##### SOURCE MATERIAL #####

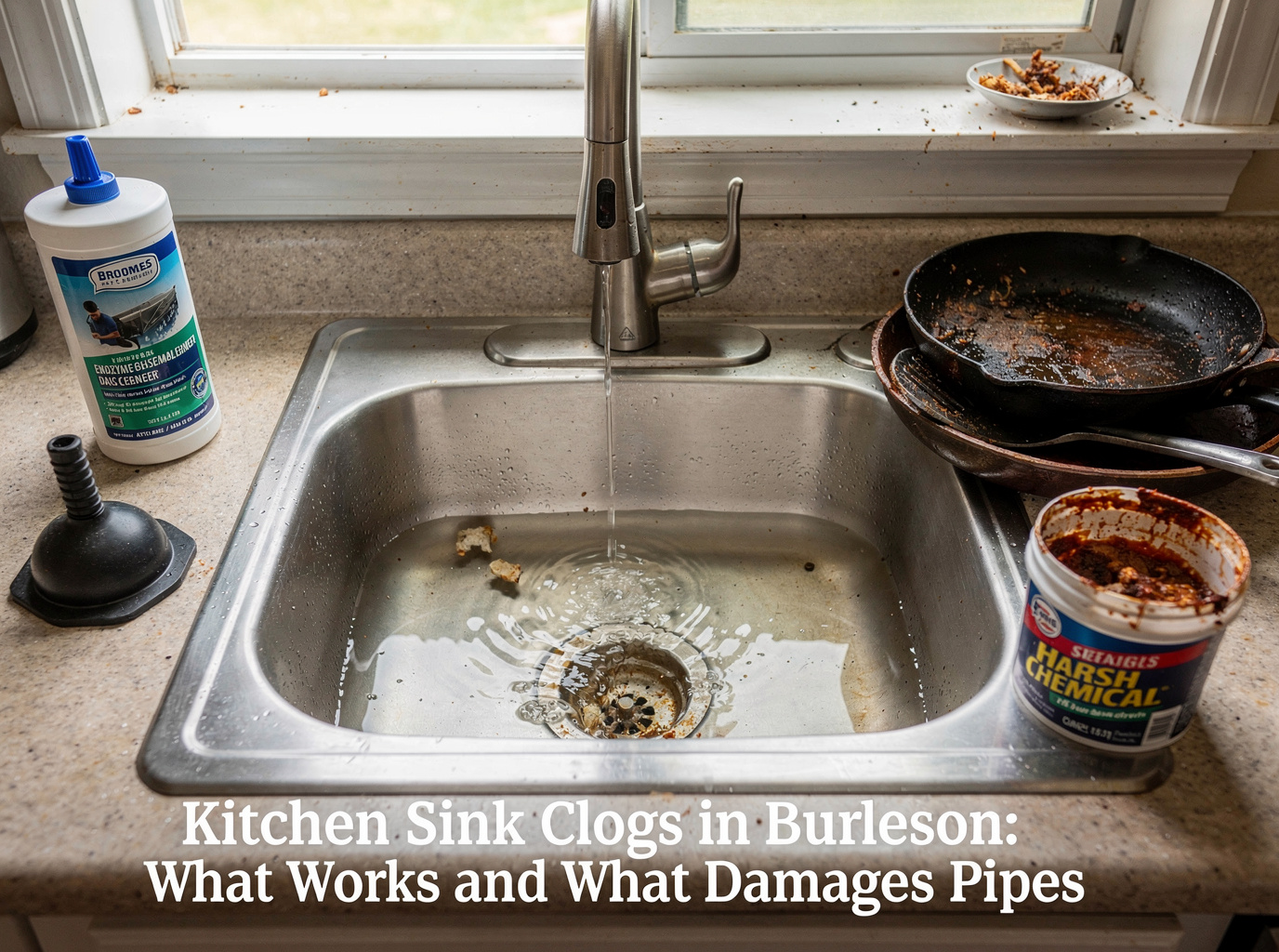 Kitchen Sink Clogs in Burleson: What Works and What Damages Pipes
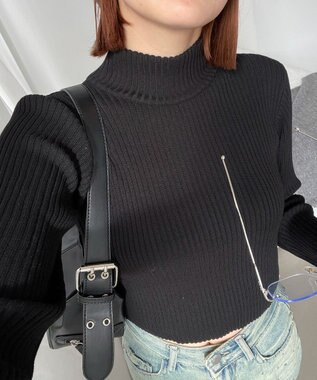 WEGO リブハイネックショートニット ブラック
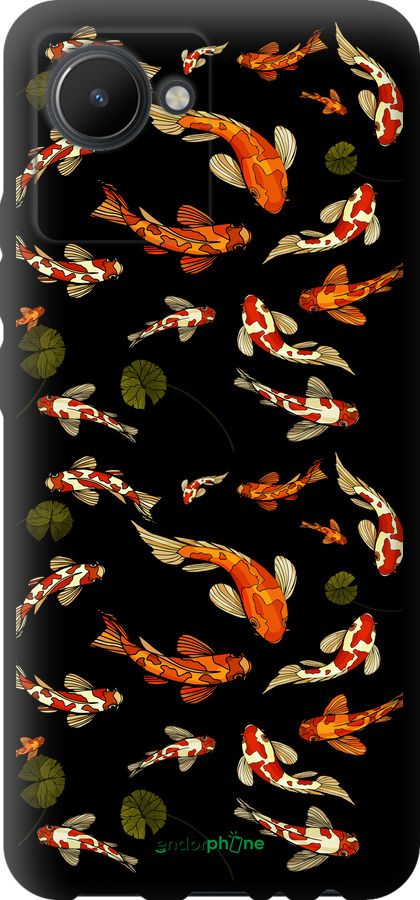 

TPU musta cover "Koi kala" for Realme C30, Keltainen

#####

## REQUIRED WORK:
Go through the data above and transcribe it in full, omitting any image.

## ANSWER TO THE PROBLEM:
 Kitchen Sink Clogs in Burleson: What Works and What Damages Pipes
 WEGO リブハイネックショートニット ブラック

TPU musta cover "Koi kala" for Realme C30, Keltainen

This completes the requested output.